All truly great thoughts are conceived by walking ~ Friedrich Nietzsche

I love walking.  It's so good to get your squiggly monkey mind under control. I have a chronically fatigued body and a speedy mind that races, races, races, and so when I am out walking it feels so doubly good for me. It is an opportunity to get out of your own damn head, to use your distance vision to take in something that's not a computer screen – which, if you’re lucky like me, means many trees, with the autumn sun shining on the topsides of some of them but with most of your walk in shadow, while the hill ahead has the sun still shining full pelt on it.

Chiaroscuro walks are the best ones, especially in autumn.
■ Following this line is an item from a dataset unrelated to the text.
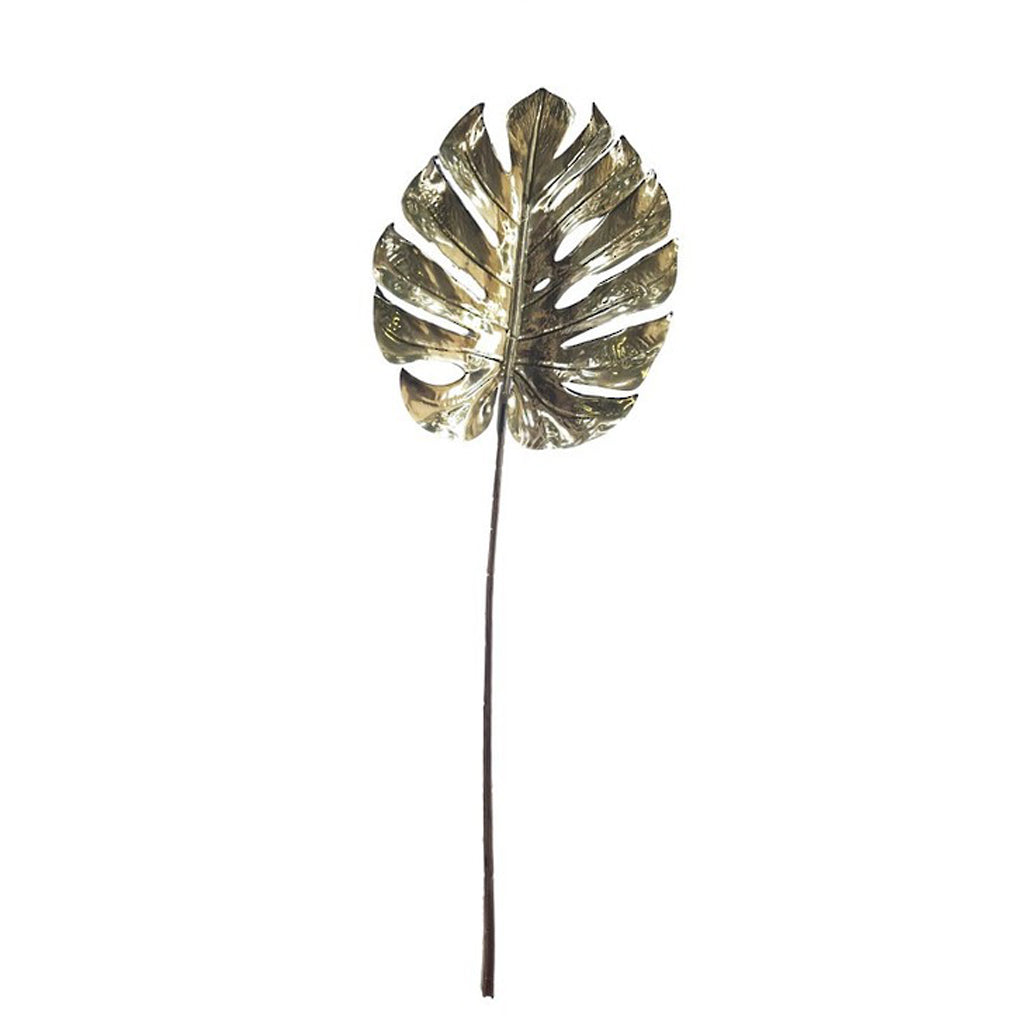 An Artificial Flora White Split Philo Leaf on a stick with a white background, perfect for adding a touch of floral styling to any space.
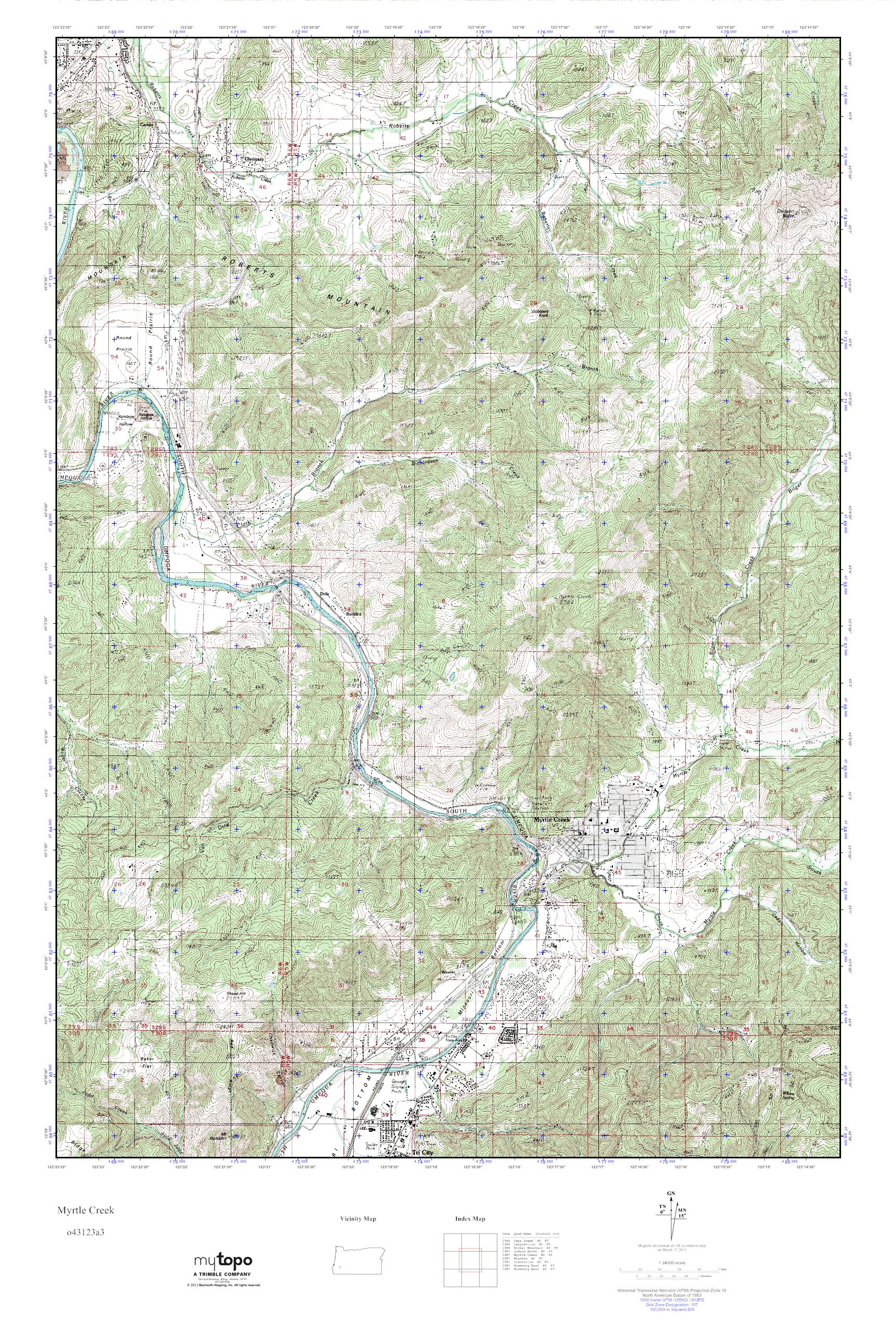 MyTopo Myrtle Creek, Oregon USGS Quad Topo Map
I didn’t have any truly great Nietzschean-level thoughts today, however. Or if I did, they were of the sort that slithered out through one of the large mesh holes in my brain where the short-term memory is supposed to live.

I thought about economics and how it has us tied up in knots when we don’t need to be.

I pondered the trajectory of the word “queer” over the last 80 years. I read it in Enid Blyton books as a descriptor – “How queer!” said Joe as Fanny span past him on a giant squid.” That sort of thing.  And now it's meandered its way into a description of someone who is gay.  I wonder how it got there? 

I love the history of individual words. Some of them change their meaning over the centuries, just a drip at a time like water on a rock, until they can even end up meaning the exact opposite of what they once did.

I reminisced about the time my cousin Andrea and I gave all of the Archies individual surnames. (They were, in case you're interested, Archie Arsehole, Reggie Root, Veronica Vagina, Bettie Boobs and Jughead Junkhead. I’m not sure how Jughead managed to avoid a surname referencing body parts or actions that crack you up when you’re 10 years old and very rude. I guess we hadn’t heard of jism and jerking off back then).

Different walk, different day, same benefits
Walking has become my favourite form of exercise. In fact, it’s really the only form of exercise I do apart from yoga - which I'm not sure could be considered exercise, even though you sure can work up a sweat doing it. And your heart sure can beat fast on some occasions.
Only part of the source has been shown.